Requirement:
Output the lines from the one holding "Ração Whiskas para" to the end of the entries that follow, exactly and only those, minus any pictures.

(Scraped caption text data)

------------------------------------

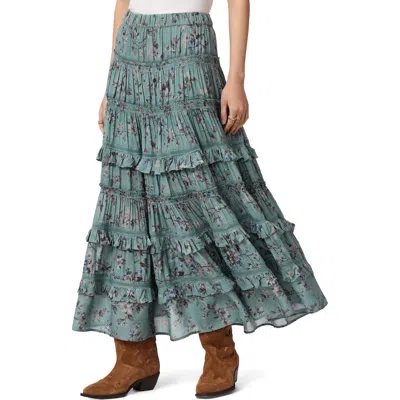 Allsaints Talia Floral Tiered Skirt In Blue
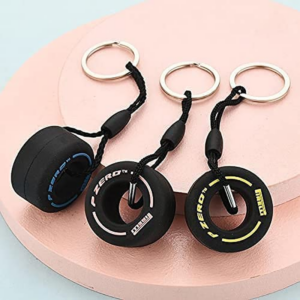 F1 Racing Tire Key Chain,Wheel Tyre Auto Keychain,Mini Cute Tire Keyring,Soft Rubber from the Sports Car Racing Collectibles store collection.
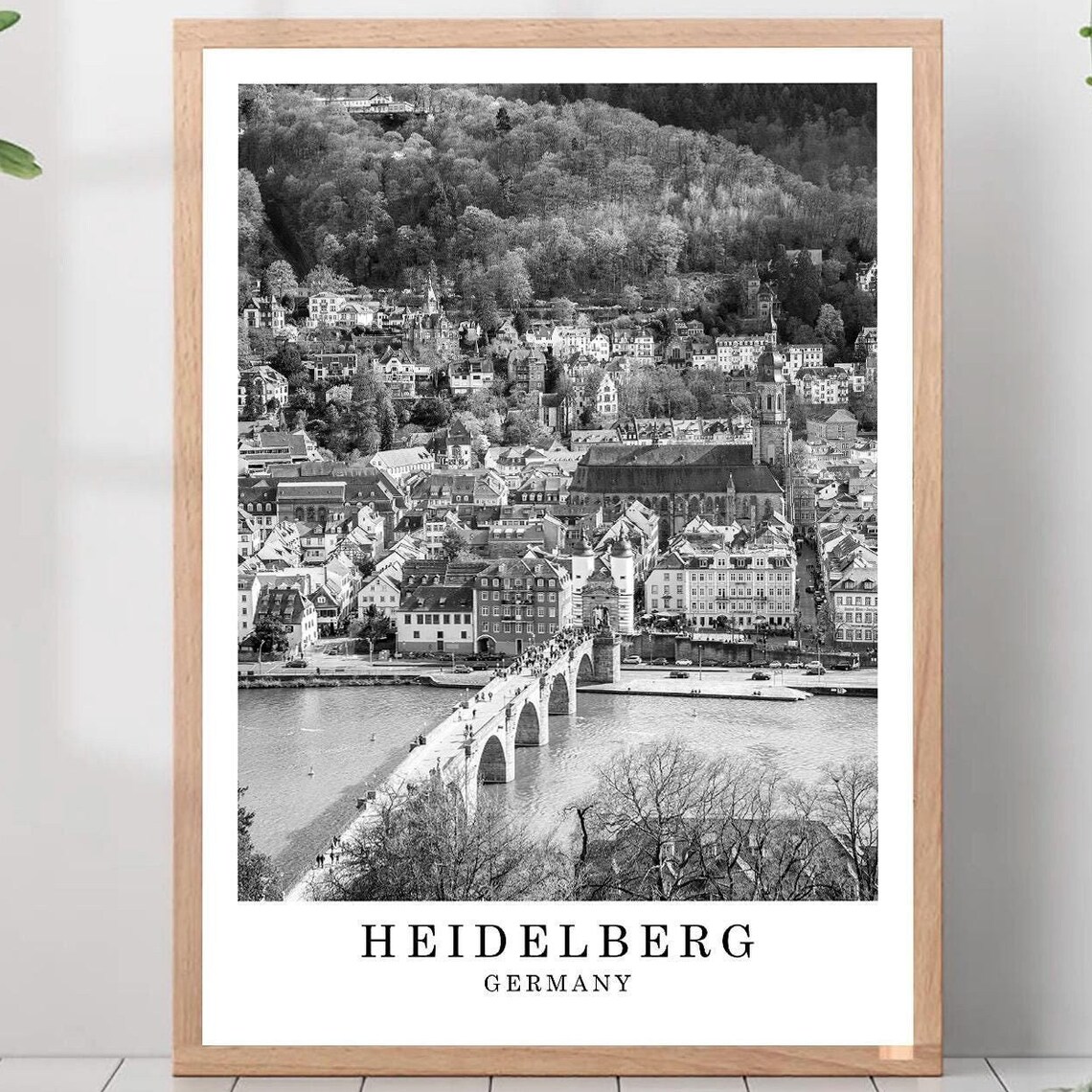 Heidelberg Old Bridge Neckar River Old Town Black White Poster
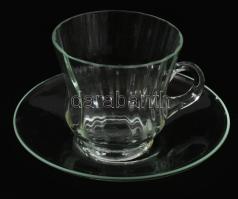 6 darab retro üveg csésze alátéttel, dobozában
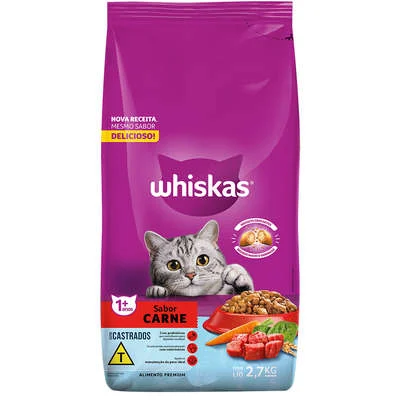 Ração Whiskas para Gatos Adultos Castrados Sabor Carne 10,1Kg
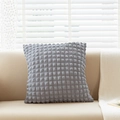 Grey square puff lattice cushion cover with bubble texture on a beige living room sofa - 45x45cm / Solid Grey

------------------------------------

Exercise answer:
 Ração Whiskas para Gatos Adultos Castrados Sabor Carne 10,1Kg
 Grey square puff lattice cushion cover with bubble texture on a beige living room sofa - 45x45cm / Solid Grey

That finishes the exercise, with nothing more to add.